“嘴硬是吧,能言善辯是吧,我叫你能…”刀疤麵目猙獰,手腕用力扭了一圈又轉回來。
“啊。”陳詩史痛得直接昏厥過去,然後又清醒過來,反反覆復。
“哈哈,叫吧,你叫的越痛苦,我越開心。”刀疤的笑容近乎變態。
“我就想知道最後一個問題,你師傅追殺你究竟是為了什麼。”
“你真是死到臨頭都不忘八卦啊。”
“死也要死的明白舒坦。”陳詩史氣息萎靡,眼神昏昏欲睡。

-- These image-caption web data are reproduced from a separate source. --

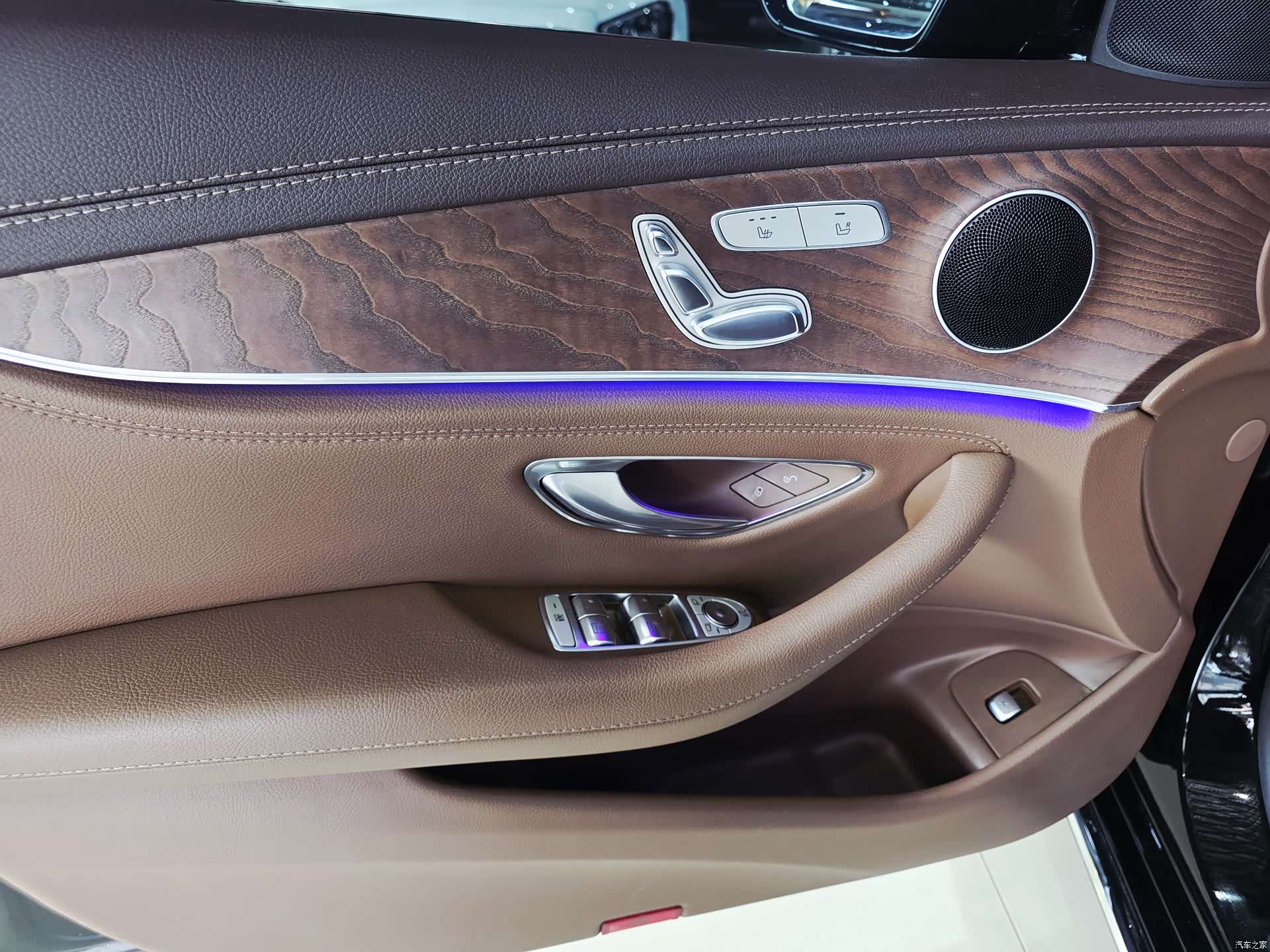 Mercedes-Benz E-Class, 2021 4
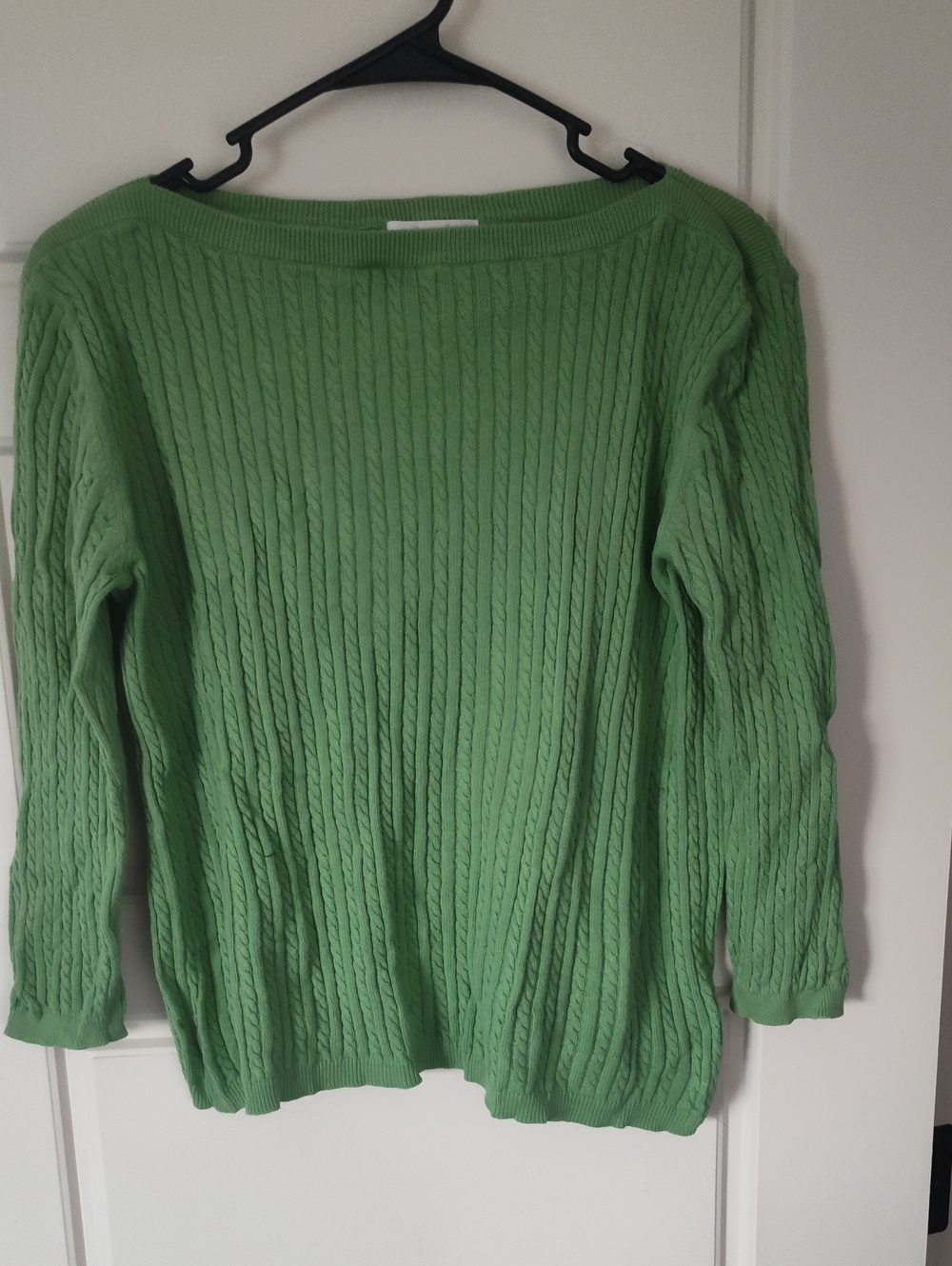 Jones New York Green Boatneck Cable Knit Sweater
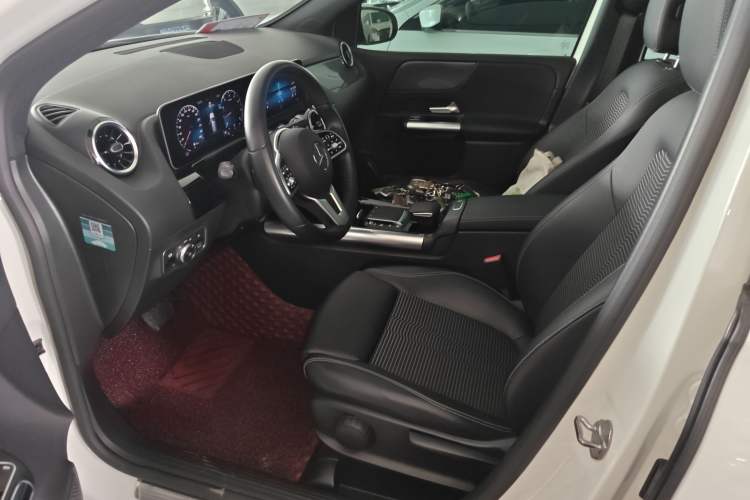 Used Mercedes-Benz B-Class 2020 B 200 Sport Edition Left Front Seat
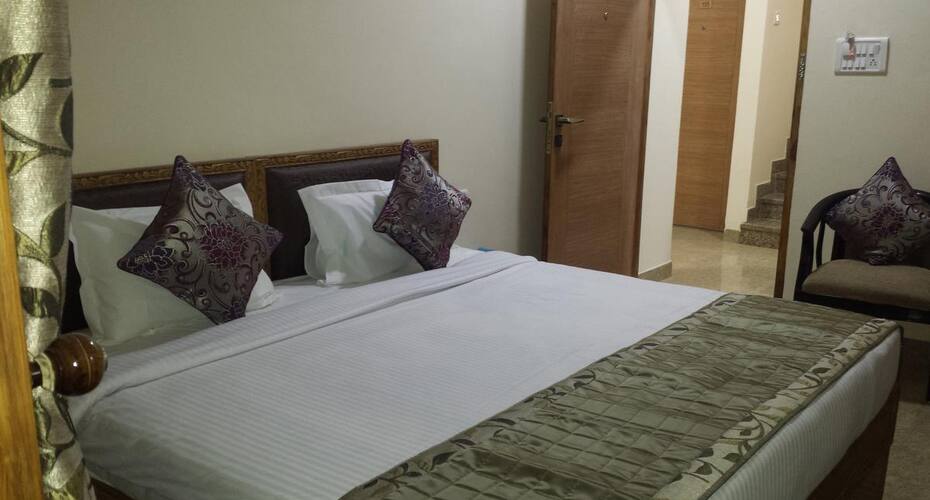 Lakehills Serviced Apartment, Bhopal 4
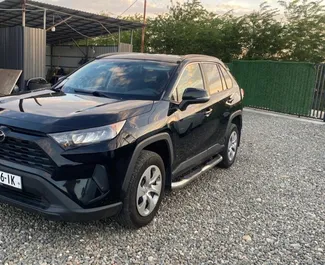 Vooraanzicht van een huurauto Toyota Rav4 in Koetaisi, Georgië ✓ Auto #13966. ✓ Transmissie Automatisch TM ✓ 0 beoordelingen.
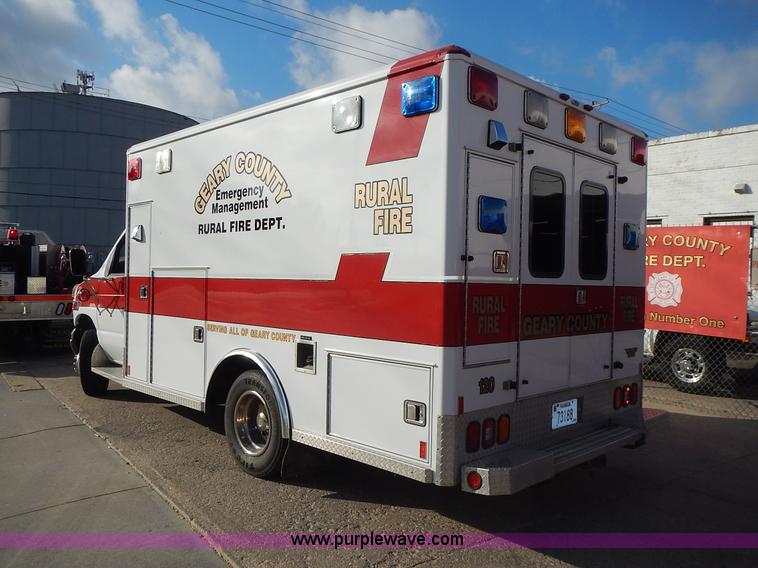 image for item L3552 1997 Ford Econoline E350 ambulance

好像隨時都會斷氣。
“念在喝過這麼多次酒的份上,我就讓你死個明白,我師傅追殺我的因為我偷了正氣山的不傳之秘,一身正氣訣。”刀疤得意開口。
“原來你是個叛徒,難怪一直對這件事避而不談,我真是看錯你了。”
“哈哈,叛徒又如何,等我召喚出邪神大人,將一身正氣訣交給他,他就會賜予我無窮無盡的力量,到時候什麼天能第一,中央大陸第一,都要被我踩在腳下。”刀疤仰天狂笑,好像他真的已經稱王稱霸,無敵於世間。
“這跟你殺我有什麼關聯,萬一失手了豈不是暴露了身份,得不償失,偷偷摸摸進行不是更好?”陳詩史好奇。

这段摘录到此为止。